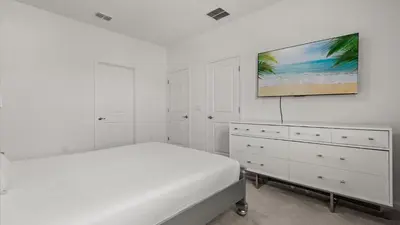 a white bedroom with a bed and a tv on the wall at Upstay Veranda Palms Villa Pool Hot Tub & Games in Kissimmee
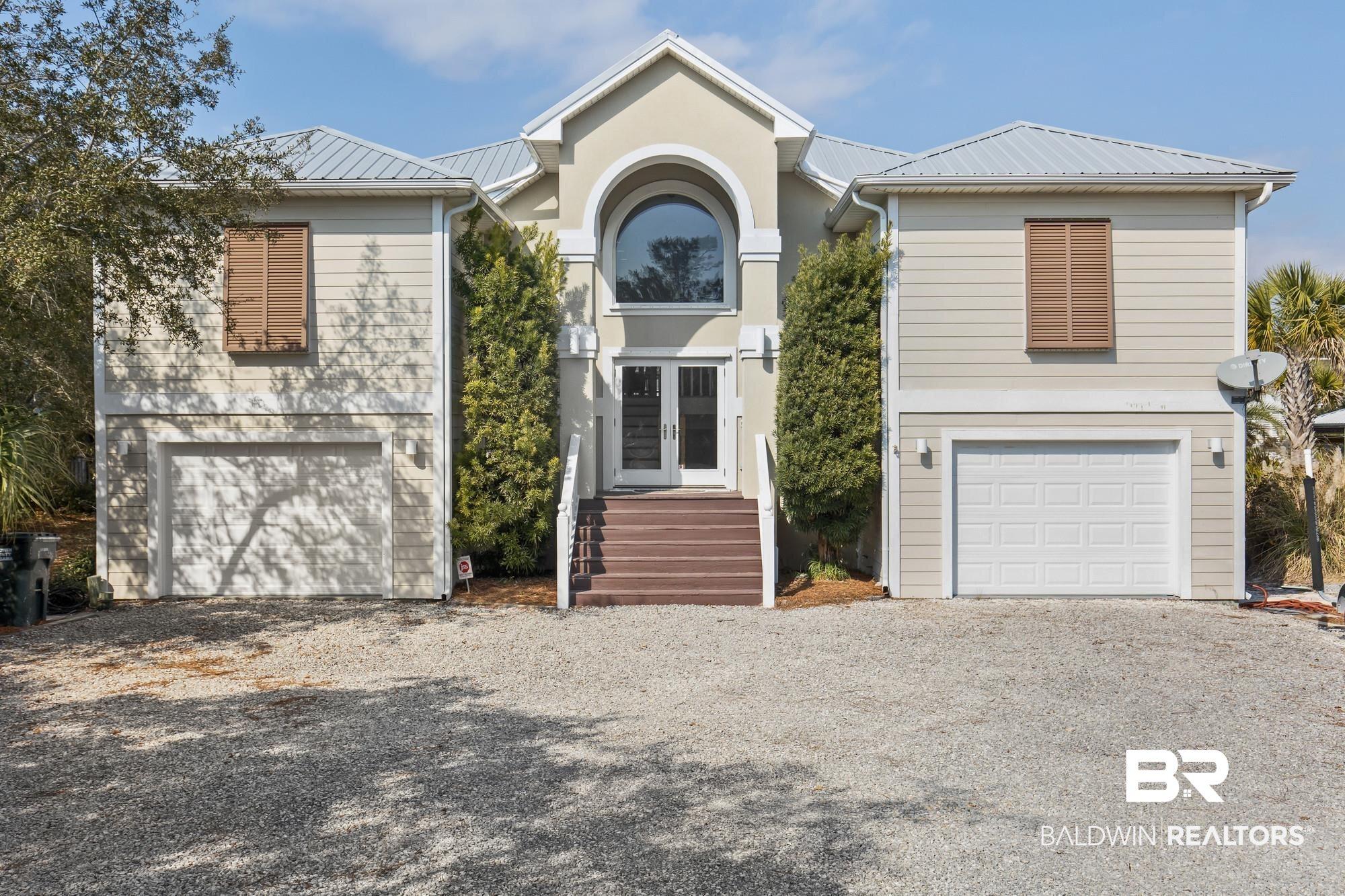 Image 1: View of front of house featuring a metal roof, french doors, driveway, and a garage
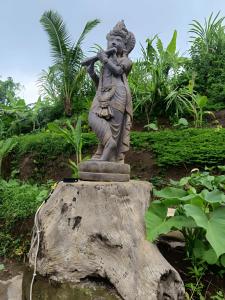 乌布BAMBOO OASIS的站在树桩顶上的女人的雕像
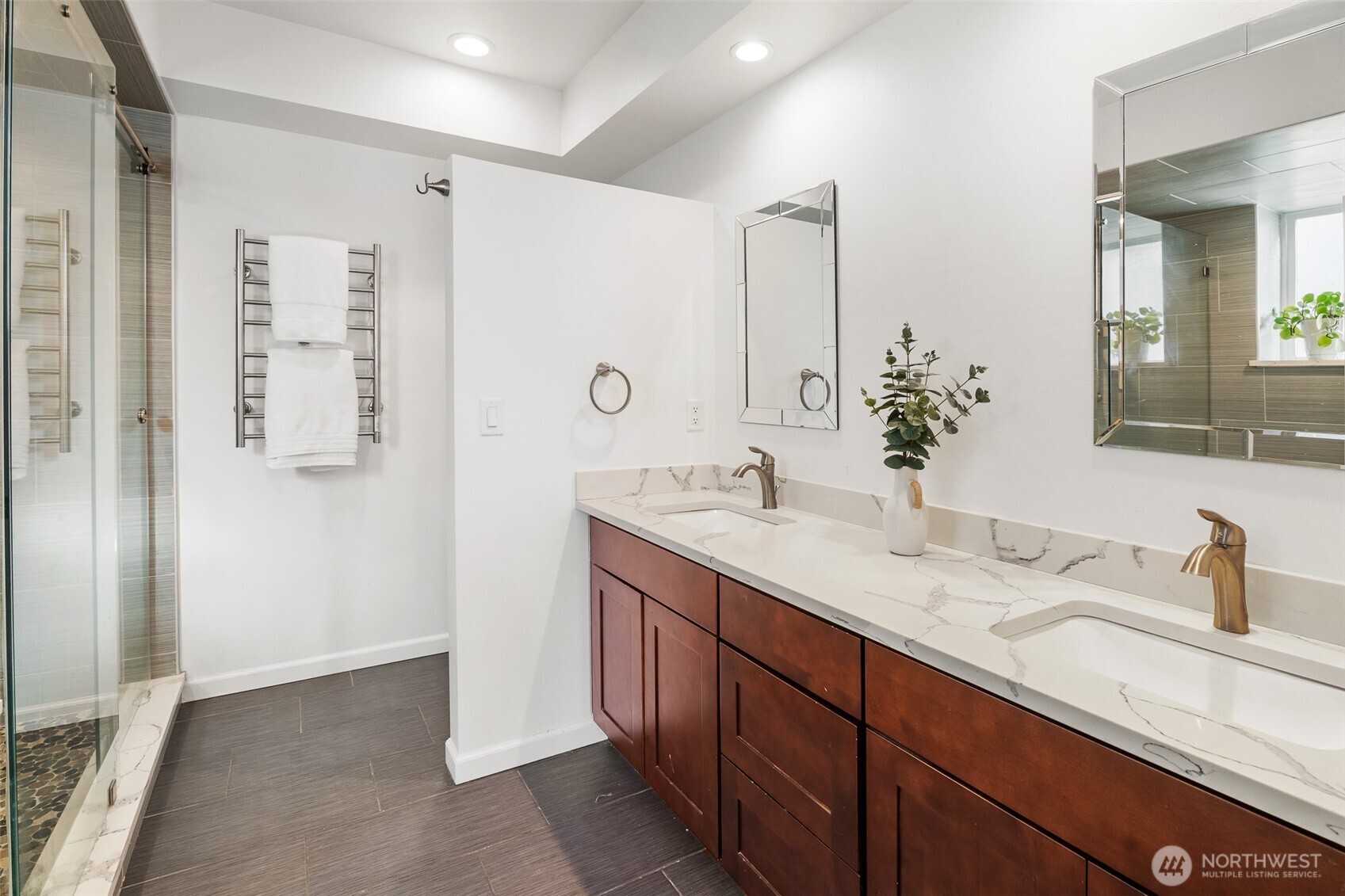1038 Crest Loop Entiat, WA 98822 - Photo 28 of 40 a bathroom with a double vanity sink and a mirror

..........

- **WORK ITEM**
Please retype the data exactly as it appears, but without any of its pictures.

- **ANSWER SECTION**
 a white bedroom with a bed and a tv on the wall at Upstay Veranda Palms Villa Pool Hot Tub & Games in Kissimmee
 Image 1: View of front of house featuring a metal roof, french doors, driveway, and a garage
 乌布BAMBOO OASIS的站在树桩顶上的女人的雕像
1038 Crest Loop Entiat, WA 98822 - Photo 28 of 40 a bathroom with a double vanity sink and a mirror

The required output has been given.